Data in this exercise
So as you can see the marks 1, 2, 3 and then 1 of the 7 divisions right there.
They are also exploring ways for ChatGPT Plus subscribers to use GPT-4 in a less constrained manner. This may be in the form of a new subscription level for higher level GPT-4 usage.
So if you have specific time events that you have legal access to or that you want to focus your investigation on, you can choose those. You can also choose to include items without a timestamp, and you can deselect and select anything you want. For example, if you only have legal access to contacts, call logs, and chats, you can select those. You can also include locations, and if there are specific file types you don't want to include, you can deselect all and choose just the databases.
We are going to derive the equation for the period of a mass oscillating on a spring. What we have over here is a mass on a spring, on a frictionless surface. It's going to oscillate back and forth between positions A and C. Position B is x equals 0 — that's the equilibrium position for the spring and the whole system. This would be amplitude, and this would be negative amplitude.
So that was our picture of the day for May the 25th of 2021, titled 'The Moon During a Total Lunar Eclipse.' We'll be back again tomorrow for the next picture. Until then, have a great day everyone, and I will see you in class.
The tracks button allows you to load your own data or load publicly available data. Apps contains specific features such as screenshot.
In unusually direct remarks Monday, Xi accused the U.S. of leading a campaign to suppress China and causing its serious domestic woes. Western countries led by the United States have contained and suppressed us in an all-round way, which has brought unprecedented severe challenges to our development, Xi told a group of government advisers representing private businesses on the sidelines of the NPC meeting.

--

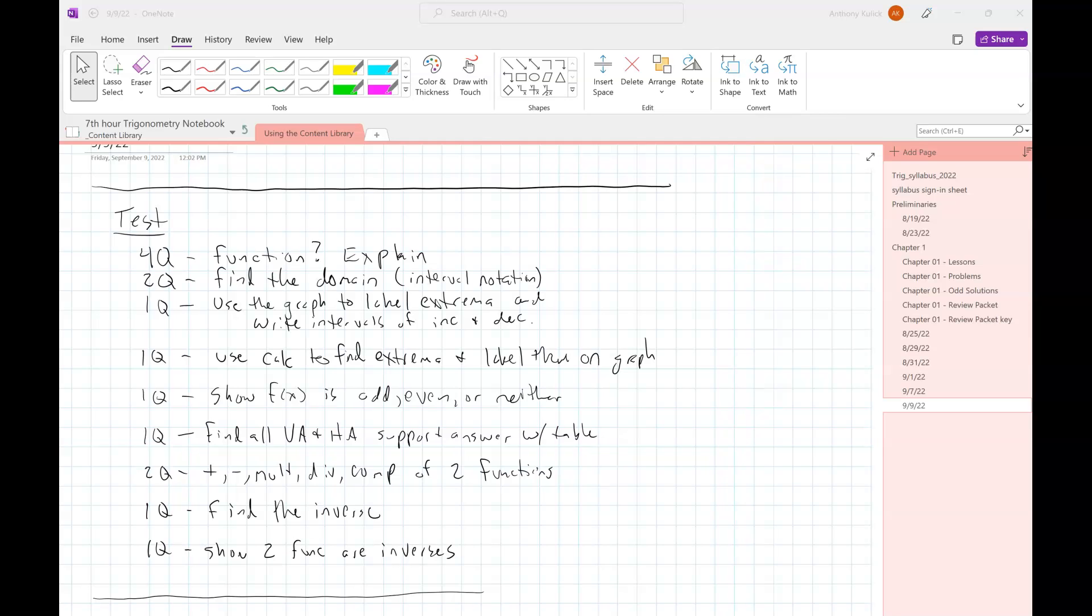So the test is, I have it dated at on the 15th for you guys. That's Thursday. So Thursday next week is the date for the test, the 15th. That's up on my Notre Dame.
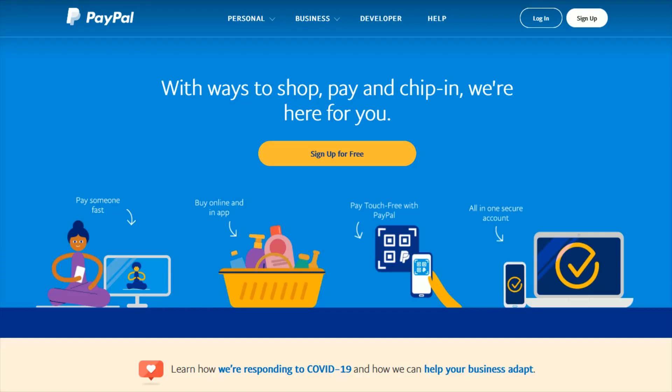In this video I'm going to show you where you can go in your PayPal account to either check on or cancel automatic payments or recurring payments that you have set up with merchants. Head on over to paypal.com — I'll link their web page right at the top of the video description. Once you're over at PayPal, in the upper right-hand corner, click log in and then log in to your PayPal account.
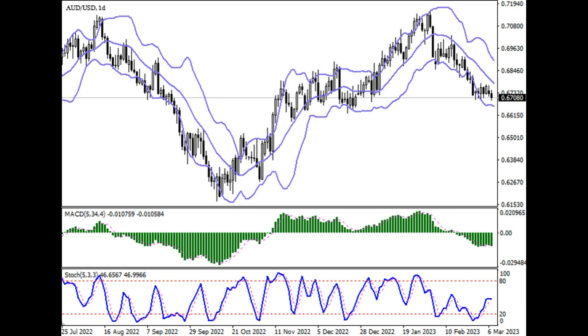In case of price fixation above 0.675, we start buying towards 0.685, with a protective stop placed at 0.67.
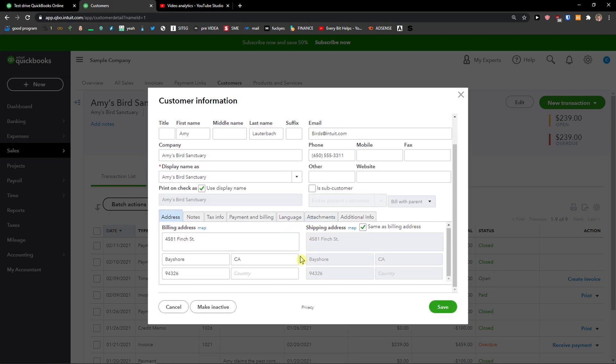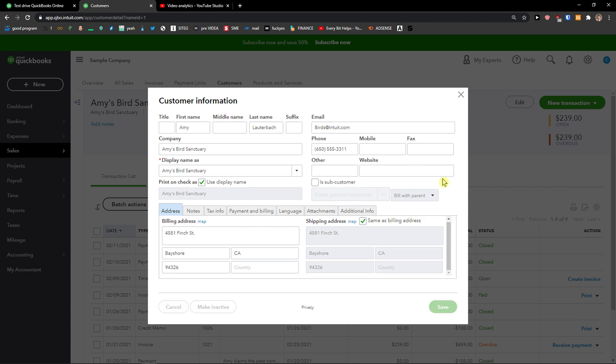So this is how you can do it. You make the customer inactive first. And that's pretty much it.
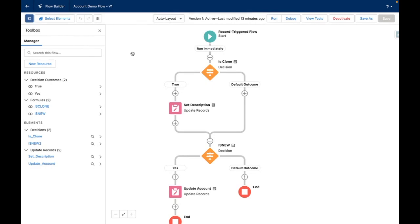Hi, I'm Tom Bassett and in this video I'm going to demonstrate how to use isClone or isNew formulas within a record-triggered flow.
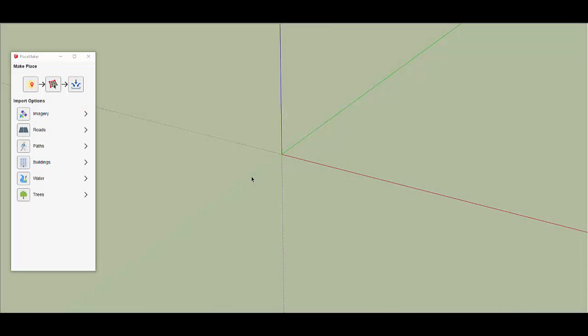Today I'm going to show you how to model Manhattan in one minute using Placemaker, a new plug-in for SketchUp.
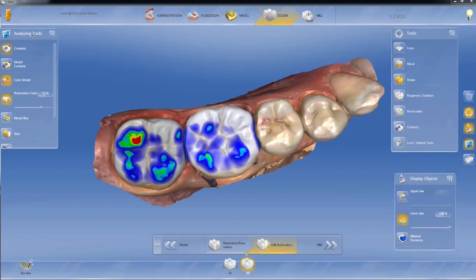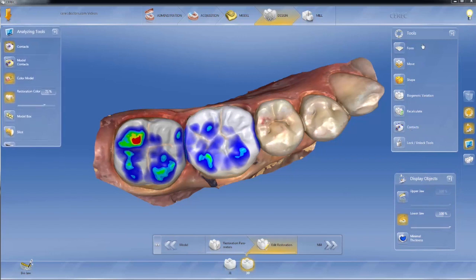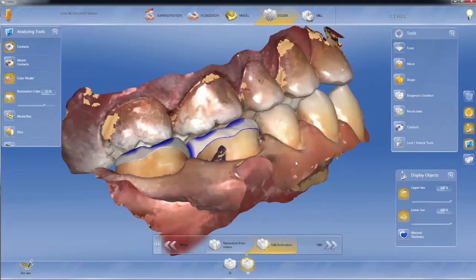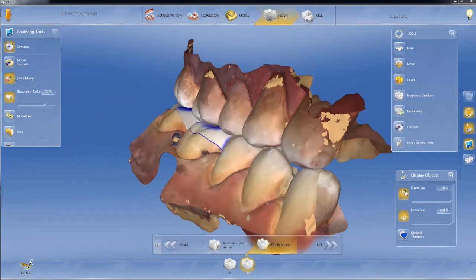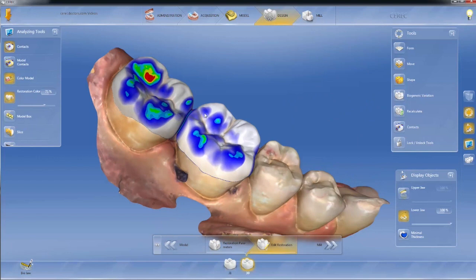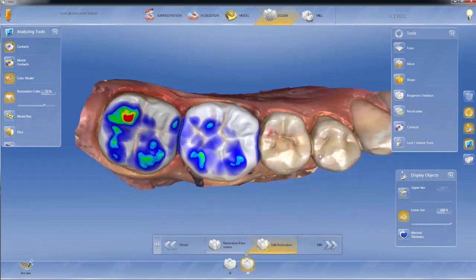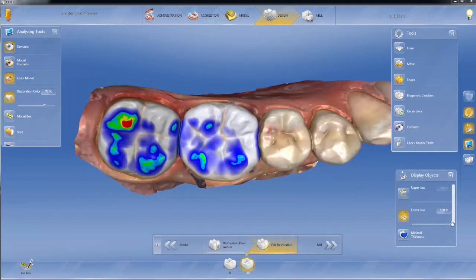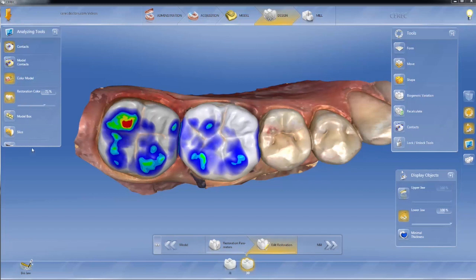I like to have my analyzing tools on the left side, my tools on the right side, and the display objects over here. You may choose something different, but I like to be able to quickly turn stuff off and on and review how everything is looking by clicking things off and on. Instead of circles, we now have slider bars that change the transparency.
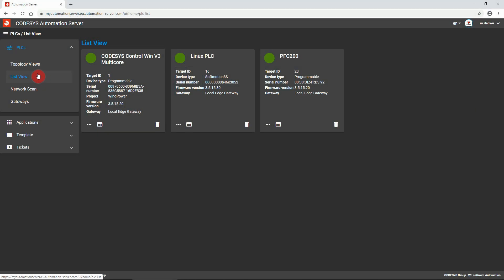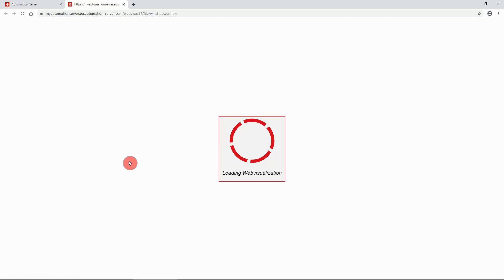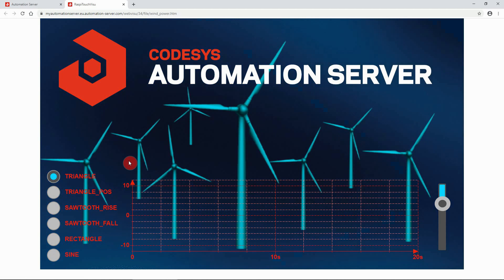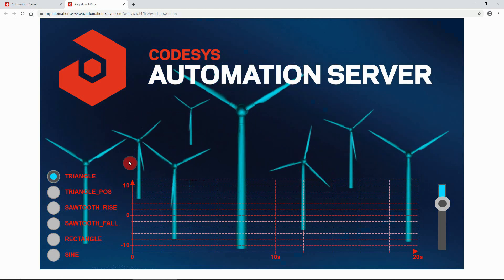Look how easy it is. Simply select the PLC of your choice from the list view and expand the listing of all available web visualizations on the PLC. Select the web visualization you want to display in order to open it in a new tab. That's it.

Task item
Extract each line holding the word "specific" from the records.

The completed task
So if you have specific time events that you have legal access to or that you want to focus your investigation on, you can choose those. You can also choose to include items without a timestamp, and you can deselect and select anything you want. For example, if you only have legal access to contacts, call logs, and chats, you can select those. You can also include locations, and if there are specific file types you don't want to include, you can deselect all and choose just the databases.
The tracks button allows you to load your own data or load publicly available data. Apps contains specific features such as screenshot.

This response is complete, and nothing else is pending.